[Opening Supplied material section]

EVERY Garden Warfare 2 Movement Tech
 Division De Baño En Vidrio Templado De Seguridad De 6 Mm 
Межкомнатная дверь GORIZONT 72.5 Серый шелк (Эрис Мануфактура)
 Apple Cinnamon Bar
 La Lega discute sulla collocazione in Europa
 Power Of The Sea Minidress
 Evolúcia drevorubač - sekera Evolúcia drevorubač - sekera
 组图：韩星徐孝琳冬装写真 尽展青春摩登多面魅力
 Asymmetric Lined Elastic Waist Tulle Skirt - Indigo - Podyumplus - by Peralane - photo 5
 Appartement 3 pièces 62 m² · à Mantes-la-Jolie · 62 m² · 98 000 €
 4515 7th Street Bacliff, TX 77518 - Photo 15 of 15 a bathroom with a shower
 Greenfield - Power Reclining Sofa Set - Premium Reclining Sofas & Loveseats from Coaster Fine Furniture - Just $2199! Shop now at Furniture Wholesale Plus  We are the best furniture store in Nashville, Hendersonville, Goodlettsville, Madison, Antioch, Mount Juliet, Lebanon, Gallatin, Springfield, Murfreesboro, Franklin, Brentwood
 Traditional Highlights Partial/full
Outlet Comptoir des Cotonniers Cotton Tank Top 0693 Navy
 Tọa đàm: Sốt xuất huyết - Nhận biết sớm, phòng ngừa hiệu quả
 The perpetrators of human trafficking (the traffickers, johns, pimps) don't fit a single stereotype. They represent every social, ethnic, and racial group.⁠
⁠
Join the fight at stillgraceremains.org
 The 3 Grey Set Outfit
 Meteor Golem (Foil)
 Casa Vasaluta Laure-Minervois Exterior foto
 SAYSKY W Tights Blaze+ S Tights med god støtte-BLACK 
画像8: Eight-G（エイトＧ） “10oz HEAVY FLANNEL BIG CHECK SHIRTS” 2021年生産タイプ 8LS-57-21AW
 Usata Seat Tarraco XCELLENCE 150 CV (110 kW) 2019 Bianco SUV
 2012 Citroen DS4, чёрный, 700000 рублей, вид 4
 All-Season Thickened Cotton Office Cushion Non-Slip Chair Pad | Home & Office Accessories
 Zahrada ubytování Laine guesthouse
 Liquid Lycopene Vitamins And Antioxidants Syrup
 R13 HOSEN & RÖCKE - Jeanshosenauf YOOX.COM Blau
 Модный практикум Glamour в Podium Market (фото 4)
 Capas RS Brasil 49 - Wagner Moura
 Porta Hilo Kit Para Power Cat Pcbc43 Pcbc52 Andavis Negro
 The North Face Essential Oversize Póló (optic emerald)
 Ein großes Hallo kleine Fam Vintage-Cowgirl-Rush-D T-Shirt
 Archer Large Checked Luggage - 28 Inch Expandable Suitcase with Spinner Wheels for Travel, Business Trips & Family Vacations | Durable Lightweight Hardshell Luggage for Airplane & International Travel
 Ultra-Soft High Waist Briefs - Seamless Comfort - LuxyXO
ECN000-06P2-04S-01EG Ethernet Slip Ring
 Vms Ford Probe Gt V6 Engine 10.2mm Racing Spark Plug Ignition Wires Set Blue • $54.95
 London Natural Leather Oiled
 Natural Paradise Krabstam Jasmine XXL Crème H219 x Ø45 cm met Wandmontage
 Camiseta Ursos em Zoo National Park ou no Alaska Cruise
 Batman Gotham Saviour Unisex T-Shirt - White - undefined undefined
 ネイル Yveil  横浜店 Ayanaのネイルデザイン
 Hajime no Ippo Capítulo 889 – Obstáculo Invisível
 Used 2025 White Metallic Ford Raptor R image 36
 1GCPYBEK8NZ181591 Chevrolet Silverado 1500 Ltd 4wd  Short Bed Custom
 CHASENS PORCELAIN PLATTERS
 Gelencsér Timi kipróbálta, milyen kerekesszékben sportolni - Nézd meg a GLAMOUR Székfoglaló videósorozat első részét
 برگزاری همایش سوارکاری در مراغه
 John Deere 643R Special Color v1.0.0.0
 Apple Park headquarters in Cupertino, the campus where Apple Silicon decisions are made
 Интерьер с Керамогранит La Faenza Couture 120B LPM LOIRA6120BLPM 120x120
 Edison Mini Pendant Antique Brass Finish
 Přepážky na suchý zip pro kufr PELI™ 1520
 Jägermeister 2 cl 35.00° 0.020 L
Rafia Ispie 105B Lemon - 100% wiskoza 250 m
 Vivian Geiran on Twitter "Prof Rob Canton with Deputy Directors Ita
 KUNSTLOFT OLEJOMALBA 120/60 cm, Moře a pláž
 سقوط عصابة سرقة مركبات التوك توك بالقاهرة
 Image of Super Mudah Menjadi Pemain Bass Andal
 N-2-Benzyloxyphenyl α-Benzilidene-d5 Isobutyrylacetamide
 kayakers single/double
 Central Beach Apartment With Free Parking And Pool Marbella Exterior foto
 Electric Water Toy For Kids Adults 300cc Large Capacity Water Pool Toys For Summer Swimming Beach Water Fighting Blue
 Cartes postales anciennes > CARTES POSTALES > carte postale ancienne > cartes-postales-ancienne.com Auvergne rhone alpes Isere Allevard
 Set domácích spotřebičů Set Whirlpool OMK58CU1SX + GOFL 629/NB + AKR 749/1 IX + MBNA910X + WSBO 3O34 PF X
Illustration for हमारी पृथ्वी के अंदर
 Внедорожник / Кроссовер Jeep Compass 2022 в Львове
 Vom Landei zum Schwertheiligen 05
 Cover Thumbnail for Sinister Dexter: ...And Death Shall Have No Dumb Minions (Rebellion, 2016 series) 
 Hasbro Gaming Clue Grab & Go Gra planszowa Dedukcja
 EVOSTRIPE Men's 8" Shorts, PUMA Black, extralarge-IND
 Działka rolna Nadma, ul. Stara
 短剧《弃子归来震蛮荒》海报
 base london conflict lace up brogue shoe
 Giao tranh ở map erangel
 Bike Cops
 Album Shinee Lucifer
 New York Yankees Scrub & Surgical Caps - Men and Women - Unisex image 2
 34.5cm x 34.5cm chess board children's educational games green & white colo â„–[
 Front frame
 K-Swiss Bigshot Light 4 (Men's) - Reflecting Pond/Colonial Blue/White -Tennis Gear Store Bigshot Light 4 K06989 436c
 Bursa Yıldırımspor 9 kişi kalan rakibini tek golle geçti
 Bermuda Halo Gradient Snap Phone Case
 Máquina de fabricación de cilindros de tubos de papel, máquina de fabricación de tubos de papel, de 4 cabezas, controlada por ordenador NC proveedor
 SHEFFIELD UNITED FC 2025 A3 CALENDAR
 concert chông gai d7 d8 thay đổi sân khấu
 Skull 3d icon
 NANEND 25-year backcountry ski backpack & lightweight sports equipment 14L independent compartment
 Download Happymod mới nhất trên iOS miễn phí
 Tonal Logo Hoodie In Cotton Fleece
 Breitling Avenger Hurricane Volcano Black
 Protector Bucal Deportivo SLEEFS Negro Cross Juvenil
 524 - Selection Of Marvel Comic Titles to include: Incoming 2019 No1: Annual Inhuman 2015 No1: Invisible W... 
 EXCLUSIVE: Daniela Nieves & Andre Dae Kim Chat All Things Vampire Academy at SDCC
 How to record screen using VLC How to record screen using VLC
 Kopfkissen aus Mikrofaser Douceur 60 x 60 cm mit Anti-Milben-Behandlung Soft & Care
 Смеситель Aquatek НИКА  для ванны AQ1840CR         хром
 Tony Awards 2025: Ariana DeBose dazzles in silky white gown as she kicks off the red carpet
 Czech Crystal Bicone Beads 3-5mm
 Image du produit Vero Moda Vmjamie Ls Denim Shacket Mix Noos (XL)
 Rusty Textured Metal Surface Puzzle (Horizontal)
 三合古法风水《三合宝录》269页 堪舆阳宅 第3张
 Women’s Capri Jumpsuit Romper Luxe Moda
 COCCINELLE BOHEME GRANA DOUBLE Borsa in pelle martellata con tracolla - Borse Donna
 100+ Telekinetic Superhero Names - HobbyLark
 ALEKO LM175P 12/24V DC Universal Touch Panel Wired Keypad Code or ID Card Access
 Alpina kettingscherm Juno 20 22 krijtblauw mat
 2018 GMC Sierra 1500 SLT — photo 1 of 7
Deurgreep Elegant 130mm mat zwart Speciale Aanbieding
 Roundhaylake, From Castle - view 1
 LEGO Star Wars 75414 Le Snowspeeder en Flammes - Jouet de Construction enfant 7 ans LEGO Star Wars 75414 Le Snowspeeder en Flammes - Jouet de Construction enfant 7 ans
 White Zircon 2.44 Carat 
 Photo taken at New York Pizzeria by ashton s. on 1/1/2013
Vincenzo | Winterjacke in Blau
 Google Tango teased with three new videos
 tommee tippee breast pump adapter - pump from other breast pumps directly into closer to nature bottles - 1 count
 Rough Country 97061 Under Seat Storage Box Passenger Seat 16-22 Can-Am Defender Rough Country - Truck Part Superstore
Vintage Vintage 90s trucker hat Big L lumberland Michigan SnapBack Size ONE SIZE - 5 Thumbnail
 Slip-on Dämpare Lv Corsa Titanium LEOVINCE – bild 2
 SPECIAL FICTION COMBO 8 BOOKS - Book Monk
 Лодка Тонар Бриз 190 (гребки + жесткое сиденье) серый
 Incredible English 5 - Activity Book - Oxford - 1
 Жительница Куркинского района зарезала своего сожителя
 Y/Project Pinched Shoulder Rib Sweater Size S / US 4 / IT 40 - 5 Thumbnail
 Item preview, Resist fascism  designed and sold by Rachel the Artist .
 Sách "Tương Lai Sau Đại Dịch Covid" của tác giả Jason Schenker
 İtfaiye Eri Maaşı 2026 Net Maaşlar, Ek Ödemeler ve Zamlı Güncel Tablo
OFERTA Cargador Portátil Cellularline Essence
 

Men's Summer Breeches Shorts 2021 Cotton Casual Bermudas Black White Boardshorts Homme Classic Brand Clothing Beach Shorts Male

[Closing Supplied material section]

**Instructions to follow**
All that should appear in the response is the run of lines from the first line of the entries through the line containing "SAYSKY W Tights", copied exactly.

**Answer for the task**
EVERY Garden Warfare 2 Movement Tech
 Division De Baño En Vidrio Templado De Seguridad De 6 Mm 
Межкомнатная дверь GORIZONT 72.5 Серый шелк (Эрис Мануфактура)
 Apple Cinnamon Bar
 La Lega discute sulla collocazione in Europa
 Power Of The Sea Minidress
 Evolúcia drevorubač - sekera Evolúcia drevorubač - sekera
 组图：韩星徐孝琳冬装写真 尽展青春摩登多面魅力
 Asymmetric Lined Elastic Waist Tulle Skirt - Indigo - Podyumplus - by Peralane - photo 5
 Appartement 3 pièces 62 m² · à Mantes-la-Jolie · 62 m² · 98 000 €
 4515 7th Street Bacliff, TX 77518 - Photo 15 of 15 a bathroom with a shower
 Greenfield - Power Reclining Sofa Set - Premium Reclining Sofas & Loveseats from Coaster Fine Furniture - Just $2199! Shop now at Furniture Wholesale Plus  We are the best furniture store in Nashville, Hendersonville, Goodlettsville, Madison, Antioch, Mount Juliet, Lebanon, Gallatin, Springfield, Murfreesboro, Franklin, Brentwood
 Traditional Highlights Partial/full
Outlet Comptoir des Cotonniers Cotton Tank Top 0693 Navy
 Tọa đàm: Sốt xuất huyết - Nhận biết sớm, phòng ngừa hiệu quả
 The perpetrators of human trafficking (the traffickers, johns, pimps) don't fit a single stereotype. They represent every social, ethnic, and racial group.⁠
⁠
Join the fight at stillgraceremains.org
 The 3 Grey Set Outfit
 Meteor Golem (Foil)
 Casa Vasaluta Laure-Minervois Exterior foto
 SAYSKY W Tights Blaze+ S Tights med god støtte-BLACK 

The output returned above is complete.